§ **Exercise objective**
Would you transcribe only the lines below, from the one containing "Save Like Never" through the end of the material, exactly and with no pictures?

═══ Records provided

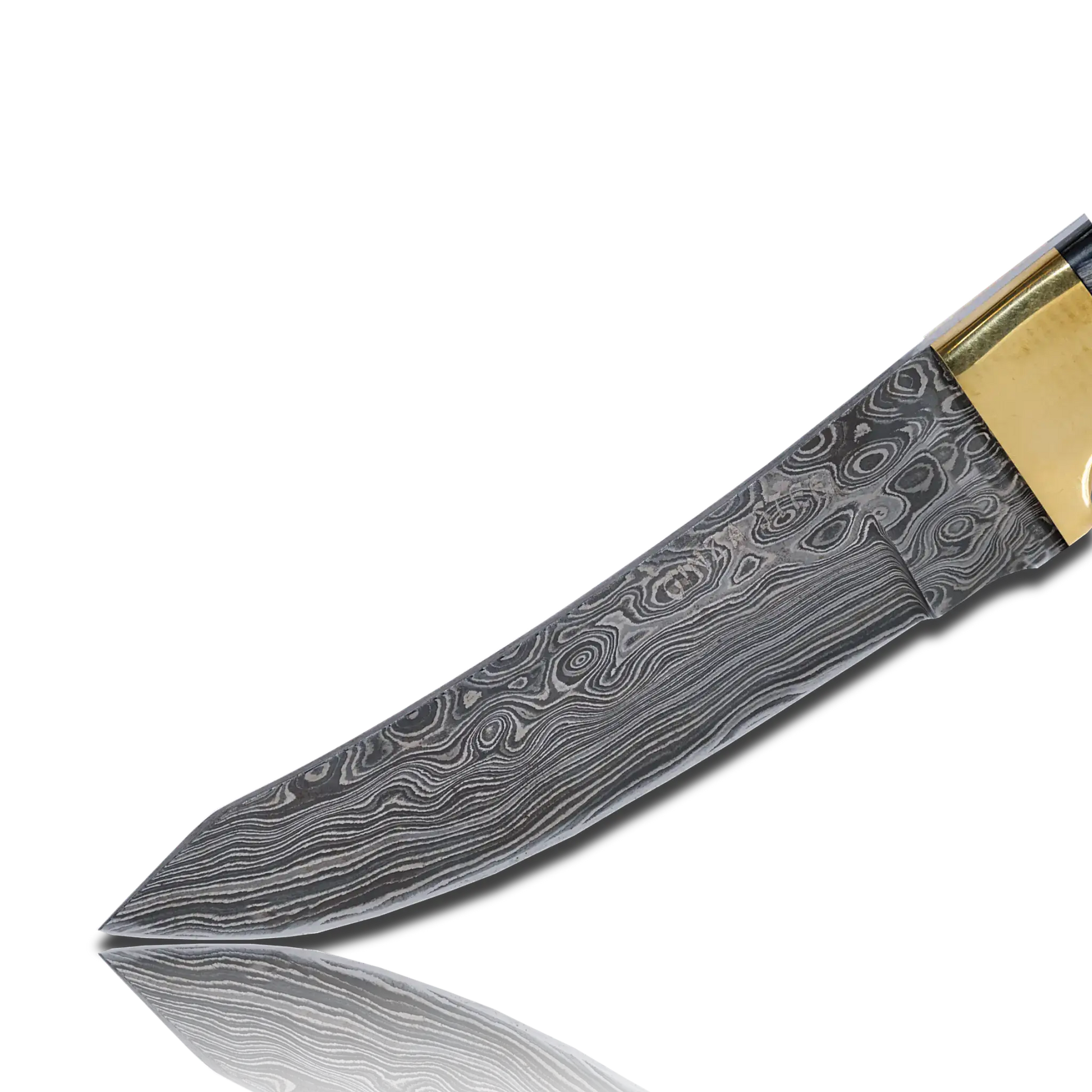 Hatif Hunter Special - Damascus Steel Skinner Knife 5 inch with Leather Sheath Ginza Steel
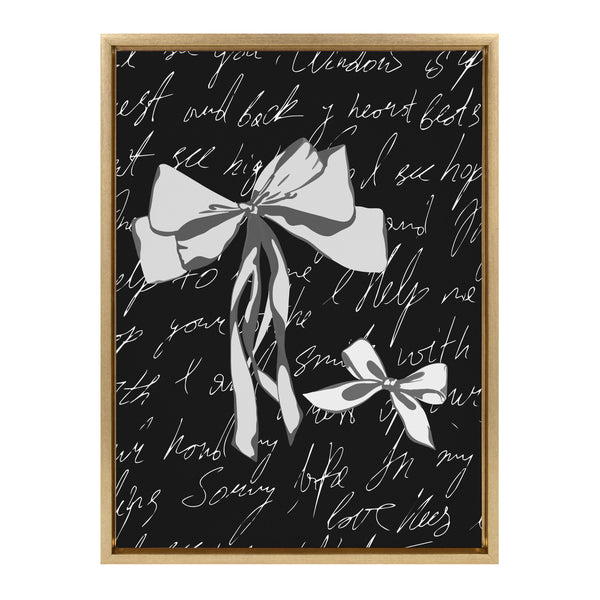 Kate & Laurel Sylvie Black White Bow Framed Canvas By Honey Island Studio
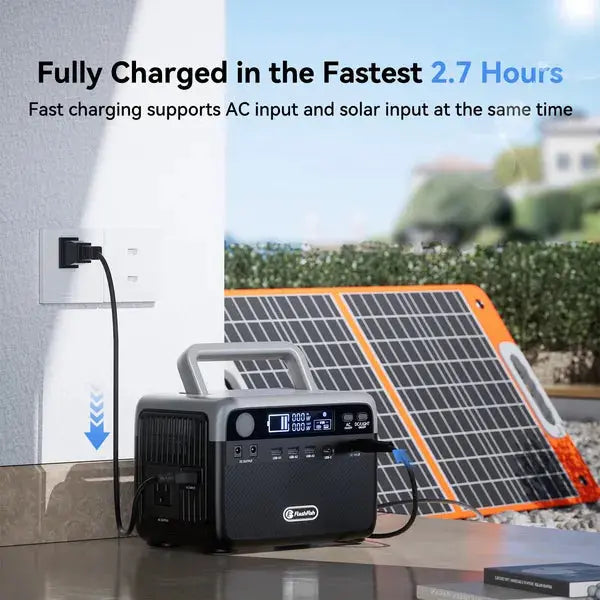 Flashfish 300W Power Station + 60W Solar Panel 230.4Wh LiFePO4 (Peak 600W) Solar Generator AC Outlets Portable Power Station,Power Bank, Battery Backup For Hurricane Emergency/Outdoor Camping Weselleverythingnow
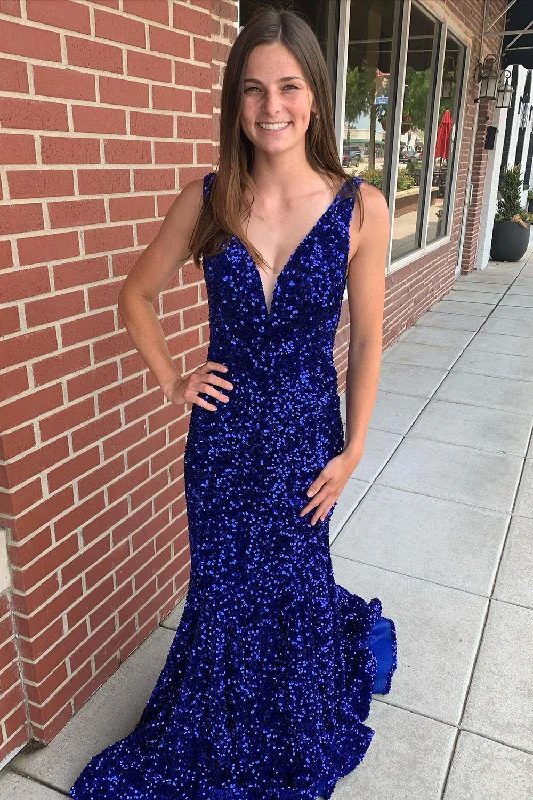 Save Like Never Before!Mermaid Blue V-Neck Sequins Long Prom Dress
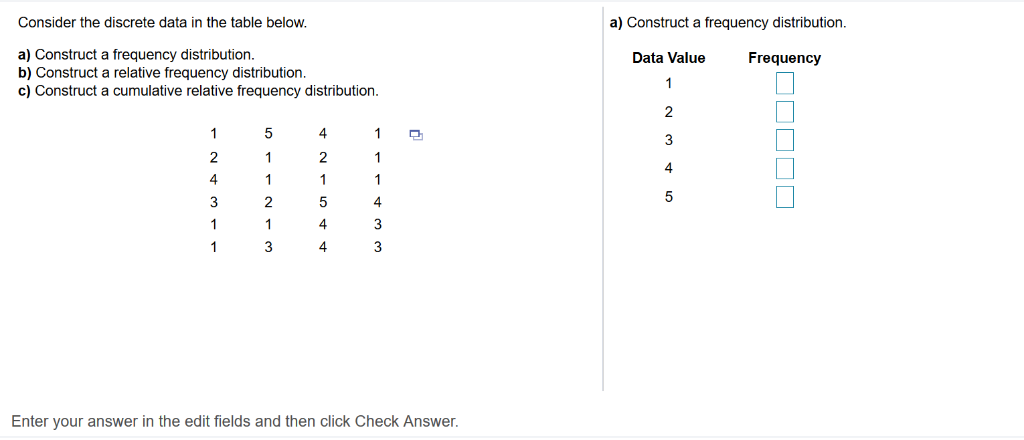 Solved Consider the discrete data in the table below. a) | Chegg.com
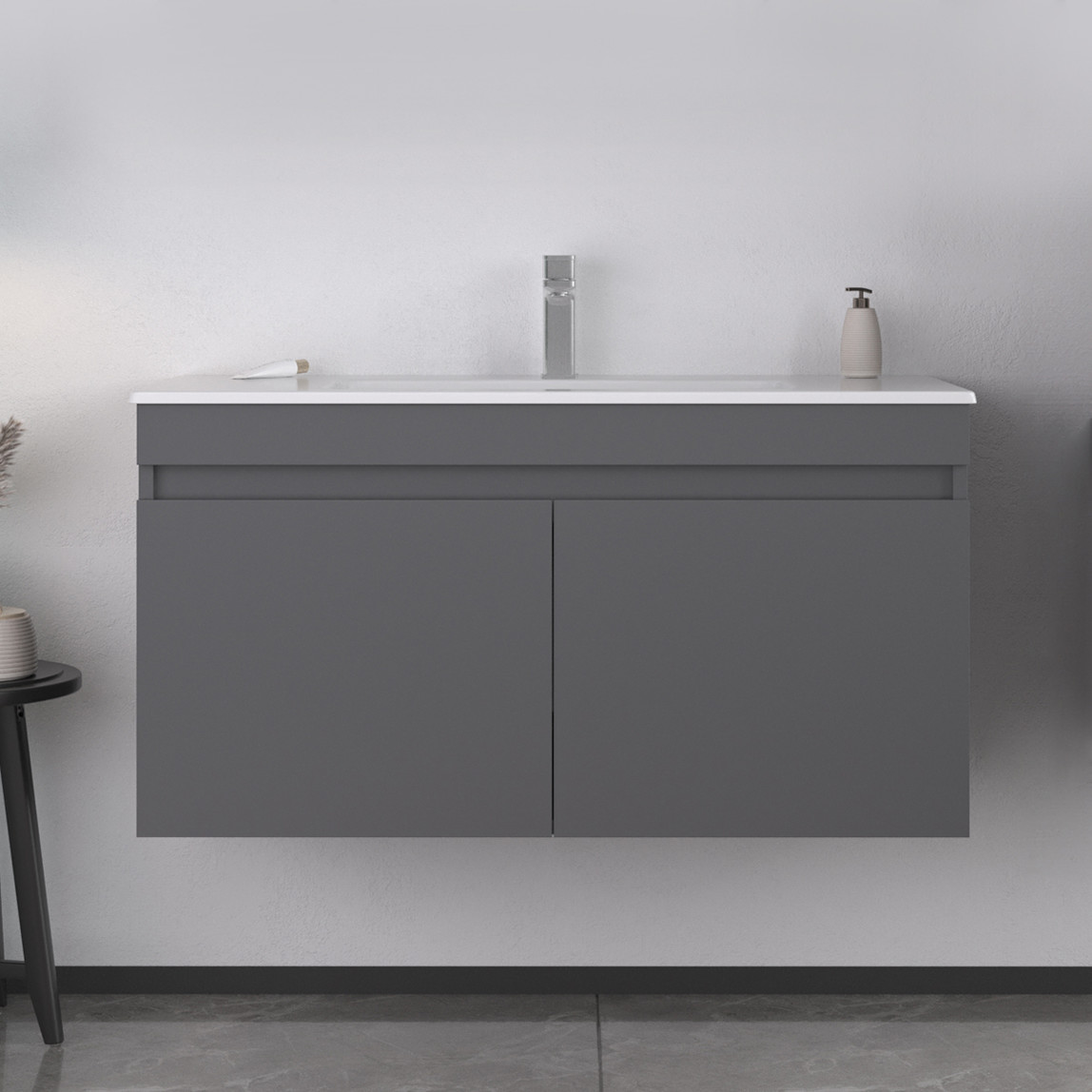   Bonitobagno Capri 100 cm Banyo Dolabı Alt Modül Antrasit 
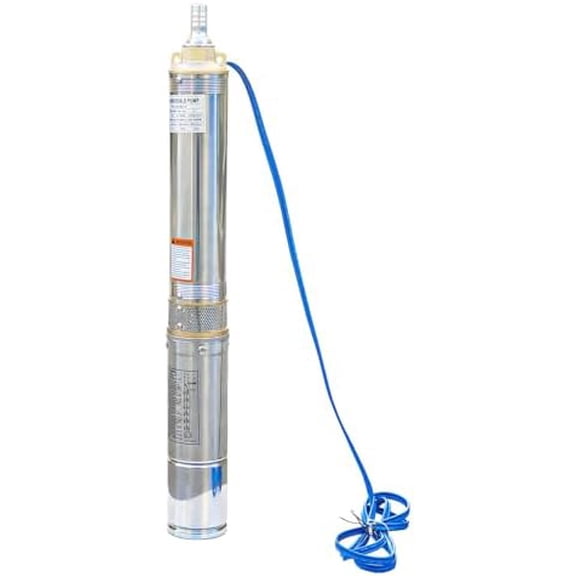 Deep Well Submersible Pump 1HP 220V/60Hz 33gpm Flow 207ft Head Submersible Bore Pump Water Pump Stainless Steel Water Pump for Industrial, Irrigation and Home Use, IP68 Waterproof Grade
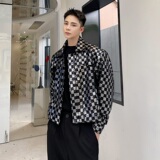 新款时尚休闲气质棋盘格亮片夹克外套上衣A246-2440-P140，男装夹克，电商A246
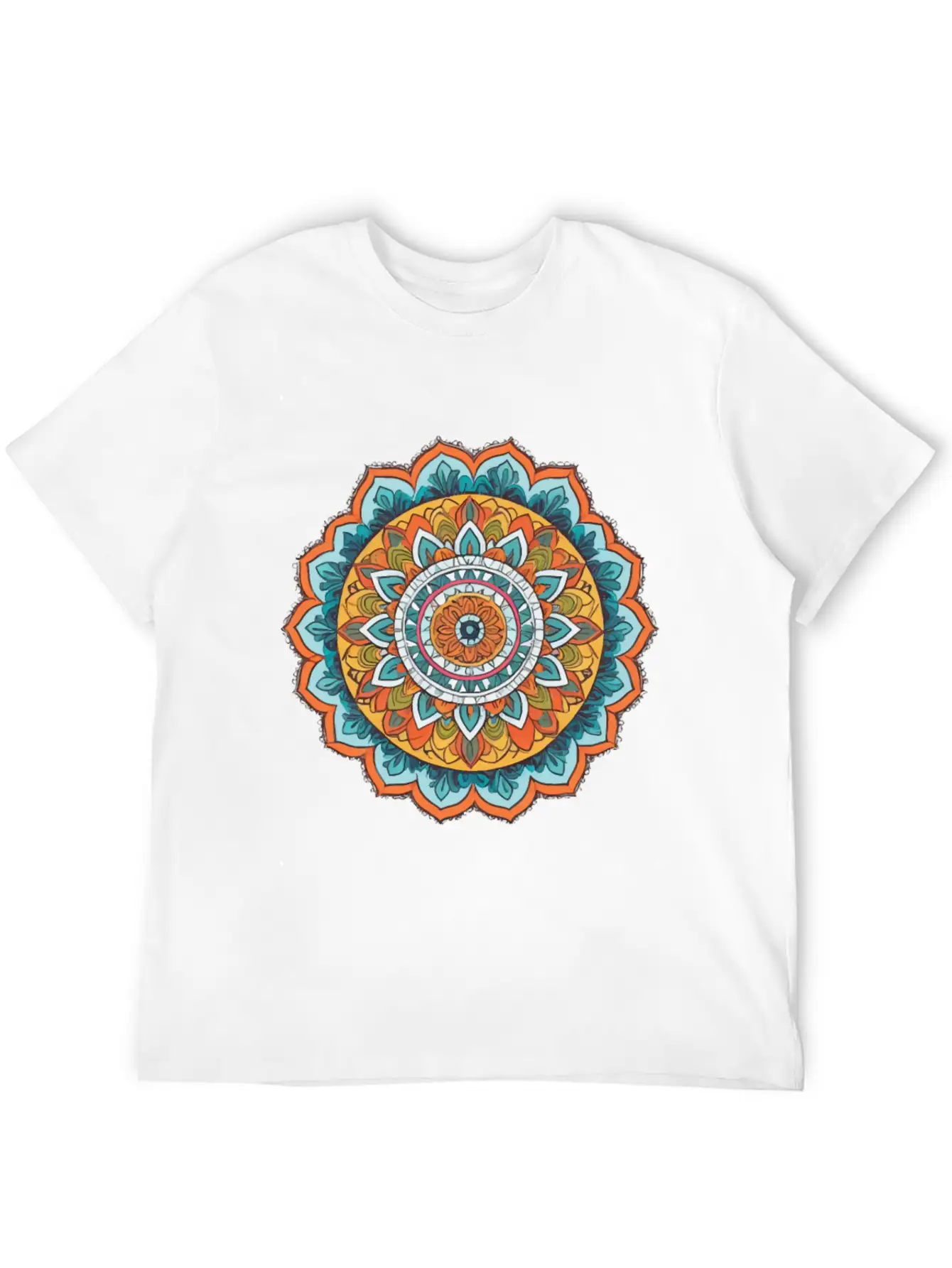 Mandala Of Various Colors Relaxed Everyday Tee – Lightweight And Durable Cotton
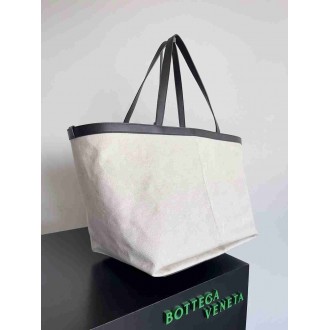 Bottega Veneta Large Flip Flap Bag in Canvas with Fondant Leather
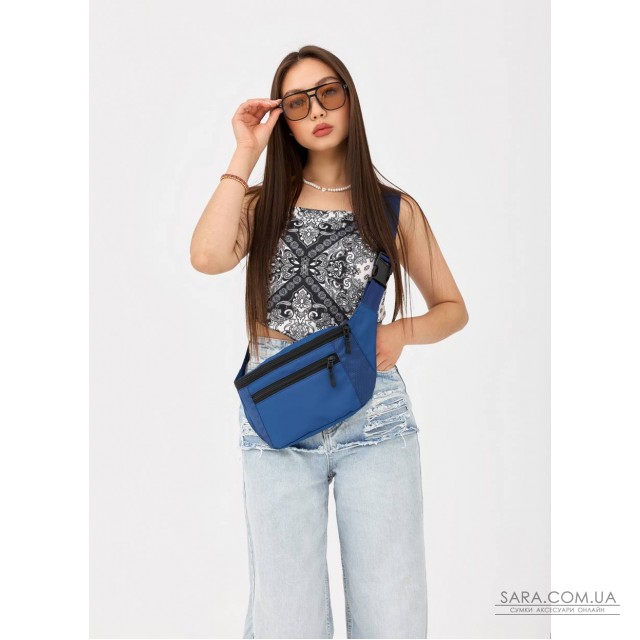 Жіноча сумка на пояс бананка Sambag Tirso Max синя Жіноча сумка на пояс бананка Sambag Tirso Max синя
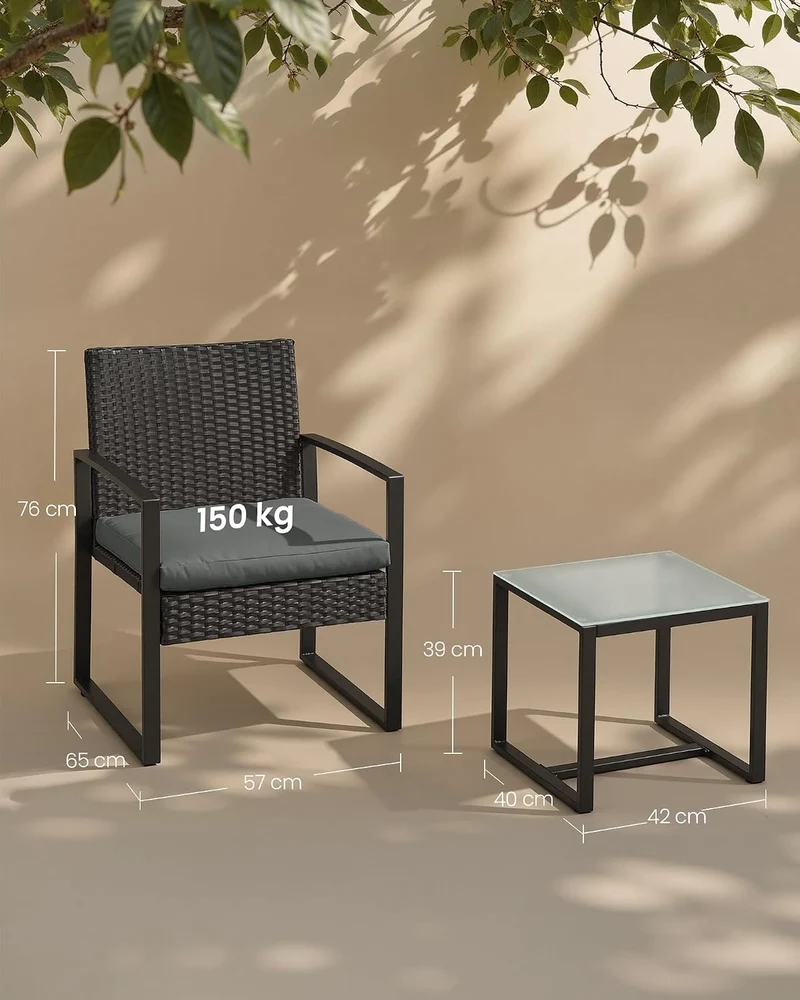 SONGMICS Balkonmöbel, Gartenmöbel-Set, aus PE-Polyrattan, Lounge-Set, Tisch und 2 Stühle, Terrassenm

══════

§ **Response for this exercise**
 Save Like Never Before!Mermaid Blue V-Neck Sequins Long Prom Dress
 Solved Consider the discrete data in the table below. a) | Chegg.com
   Bonitobagno Capri 100 cm Banyo Dolabı Alt Modül Antrasit 
 Deep Well Submersible Pump 1HP 220V/60Hz 33gpm Flow 207ft Head Submersible Bore Pump Water Pump Stainless Steel Water Pump for Industrial, Irrigation and Home Use, IP68 Waterproof Grade
 新款时尚休闲气质棋盘格亮片夹克外套上衣A246-2440-P140，男装夹克，电商A246
 Mandala Of Various Colors Relaxed Everyday Tee – Lightweight And Durable Cotton
 Bottega Veneta Large Flip Flap Bag in Canvas with Fondant Leather
 Жіноча сумка на пояс бананка Sambag Tirso Max синя Жіноча сумка на пояс бананка Sambag Tirso Max синя
 SONGMICS Balkonmöbel, Gartenmöbel-Set, aus PE-Polyrattan, Lounge-Set, Tisch und 2 Stühle, Terrassenm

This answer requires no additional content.